Task prompt
When you reach the line containing "210624 -- MOSKAU, 24.", begin reproducing the material exactly, stop after the line containing "APPROXIMATELY 10 ASSORTED", and leave out any pictures along the way.

Data for processing
┄┄┄┄┄┄
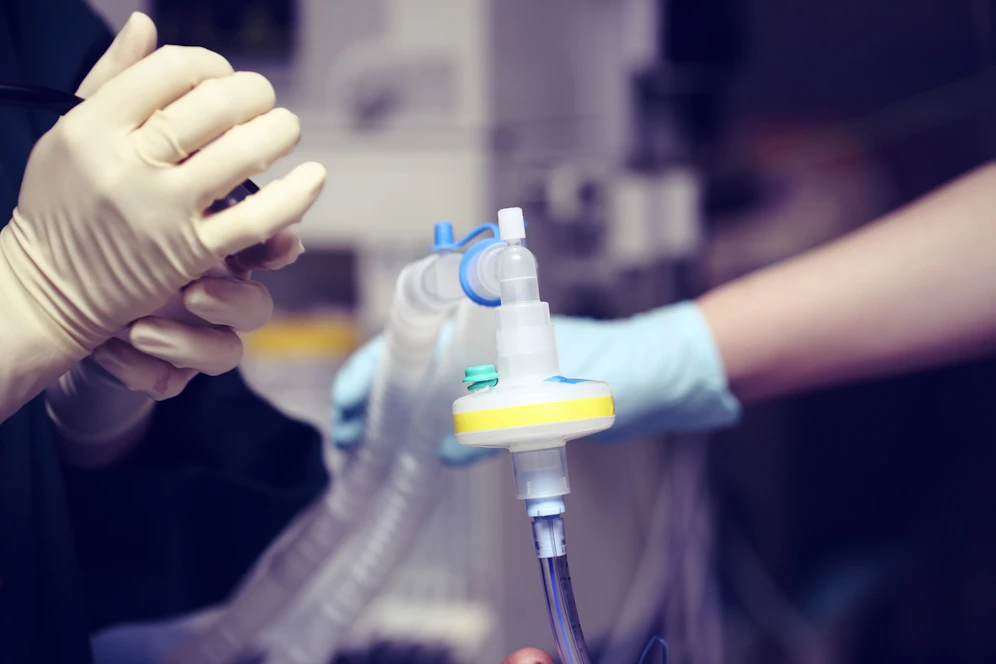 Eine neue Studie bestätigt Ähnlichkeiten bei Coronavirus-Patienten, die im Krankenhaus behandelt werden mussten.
┄┄┄┄┄┄
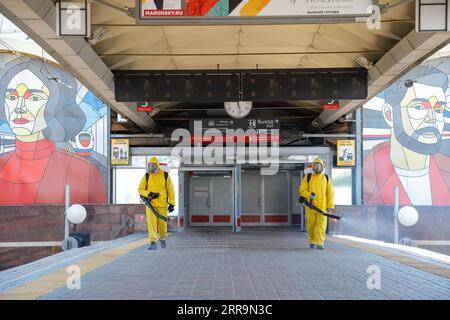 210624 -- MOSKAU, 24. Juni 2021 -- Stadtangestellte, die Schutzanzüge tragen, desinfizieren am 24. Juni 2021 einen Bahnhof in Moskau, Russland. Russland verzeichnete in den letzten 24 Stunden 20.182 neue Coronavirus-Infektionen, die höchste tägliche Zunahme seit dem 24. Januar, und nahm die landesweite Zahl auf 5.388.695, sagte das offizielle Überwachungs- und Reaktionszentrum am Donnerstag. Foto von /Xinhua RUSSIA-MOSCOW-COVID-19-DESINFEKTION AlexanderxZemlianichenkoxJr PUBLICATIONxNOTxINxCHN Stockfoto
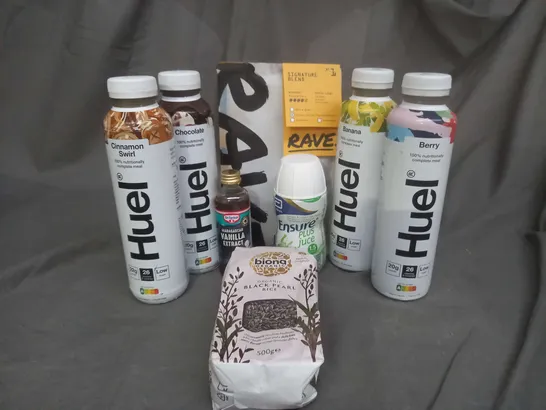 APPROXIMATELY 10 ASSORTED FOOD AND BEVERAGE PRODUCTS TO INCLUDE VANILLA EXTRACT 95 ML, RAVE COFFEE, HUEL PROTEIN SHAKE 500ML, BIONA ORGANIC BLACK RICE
┄┄┄┄┄┄
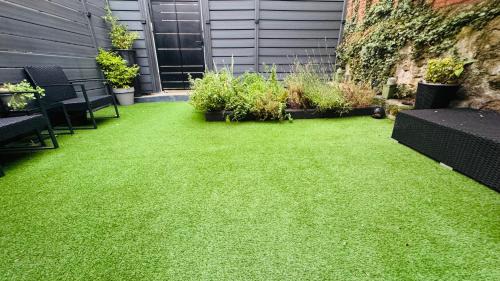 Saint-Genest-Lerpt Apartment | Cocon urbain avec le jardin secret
┄┄┄┄┄┄
Solution to the problem
 210624 -- MOSKAU, 24. Juni 2021 -- Stadtangestellte, die Schutzanzüge tragen, desinfizieren am 24. Juni 2021 einen Bahnhof in Moskau, Russland. Russland verzeichnete in den letzten 24 Stunden 20.182 neue Coronavirus-Infektionen, die höchste tägliche Zunahme seit dem 24. Januar, und nahm die landesweite Zahl auf 5.388.695, sagte das offizielle Überwachungs- und Reaktionszentrum am Donnerstag. Foto von /Xinhua RUSSIA-MOSCOW-COVID-19-DESINFEKTION AlexanderxZemlianichenkoxJr PUBLICATIONxNOTxINxCHN Stockfoto
 APPROXIMATELY 10 ASSORTED FOOD AND BEVERAGE PRODUCTS TO INCLUDE VANILLA EXTRACT 95 ML, RAVE COFFEE, HUEL PROTEIN SHAKE 500ML, BIONA ORGANIC BLACK RICE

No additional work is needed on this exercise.